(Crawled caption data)

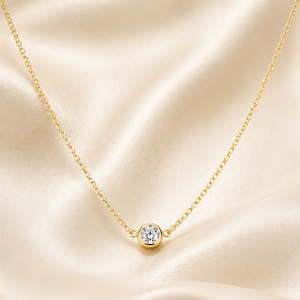 1.00 Carat Round Lab Grown Diamond Bezel Setting Solitaire <b>Pendant</b> Necklace, 14K 18K <b>Solid</b> <b>Gold</b> Anniversary Birthday Gift - Product Image 4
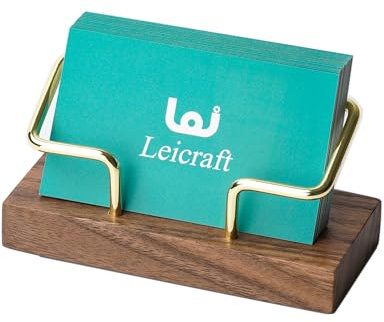 Leicraft Business Card Holder for Desk, Modern Card Organizers and Office Desk Accessories for Men and Women (Walnut Golden)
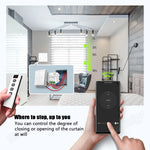module rideau motorisé wifi rf télécommande sans fil batterie 12v blanc moderne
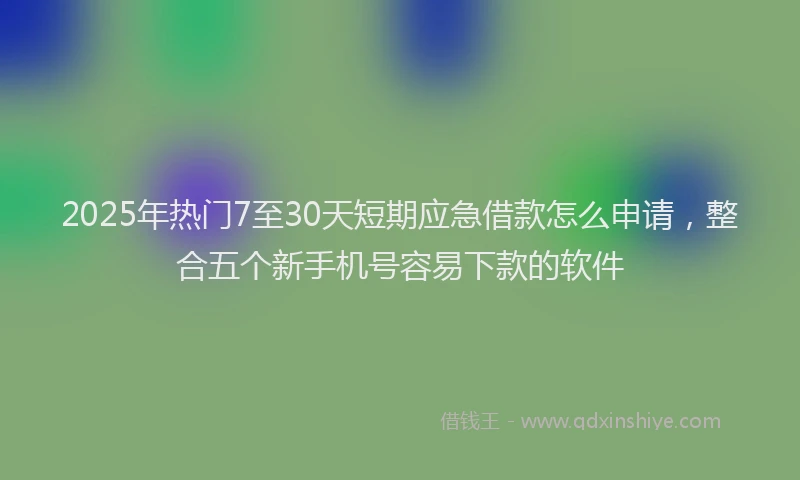 2025年热门7至30天短期应急借款怎么申请，整合五个新手机号容易下款的软件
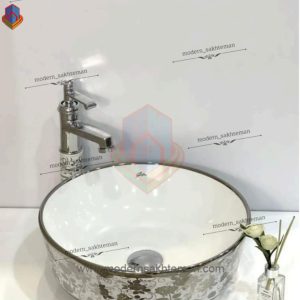 کاسه روشویی کوتینگ سفید کروم مدل 3077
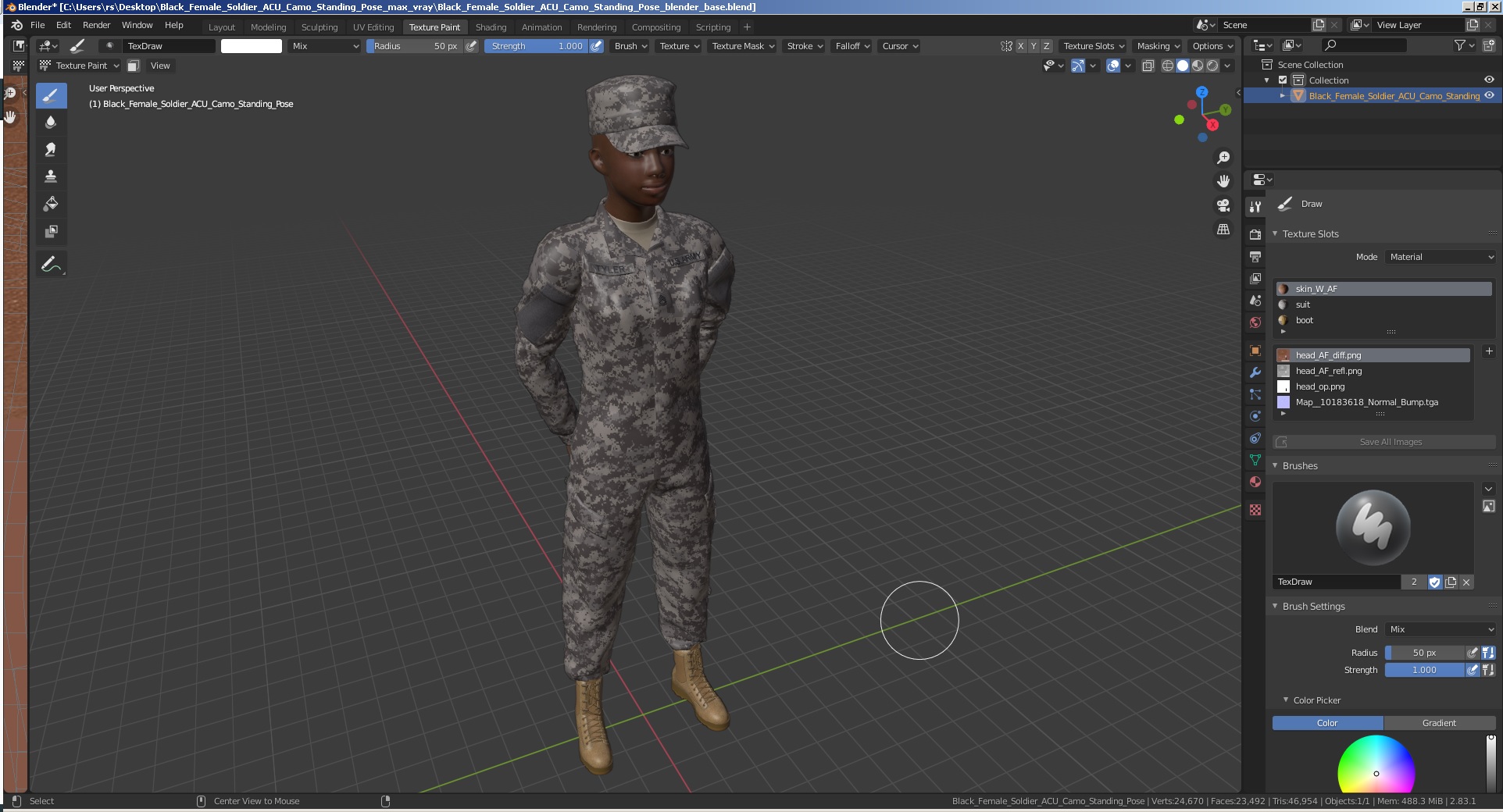 3D Black Female Soldier ACU Camo Standing Pose model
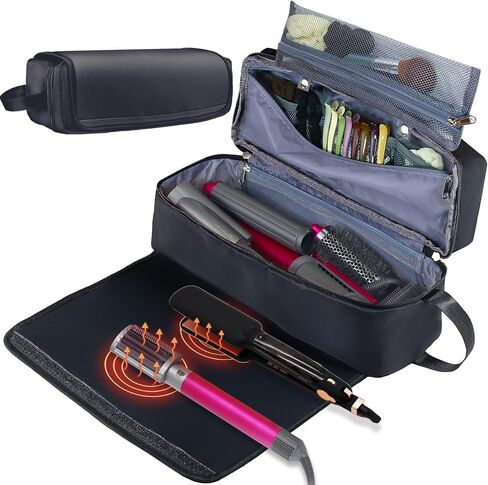 Hair Tools Travel Bag with Heat Resistant Pad, Portable Hair Tools Storage for Hair Straighteners, Curling Iron and Hair Care Accessories, Traveling Essentials for Women in Saudi Arabia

■ TASK PROMPT
Output all of the data word for word, excluding any pictures.

■ WRITTEN ANSWER
 1.00 Carat Round Lab Grown Diamond Bezel Setting Solitaire <b>Pendant</b> Necklace, 14K 18K <b>Solid</b> <b>Gold</b> Anniversary Birthday Gift - Product Image 4
 Leicraft Business Card Holder for Desk, Modern Card Organizers and Office Desk Accessories for Men and Women (Walnut Golden)
module rideau motorisé wifi rf télécommande sans fil batterie 12v blanc moderne
 2025年热门7至30天短期应急借款怎么申请，整合五个新手机号容易下款的软件
 کاسه روشویی کوتینگ سفید کروم مدل 3077
 3D Black Female Soldier ACU Camo Standing Pose model
 Hair Tools Travel Bag with Heat Resistant Pad, Portable Hair Tools Storage for Hair Straighteners, Curling Iron and Hair Care Accessories, Traveling Essentials for Women in Saudi Arabia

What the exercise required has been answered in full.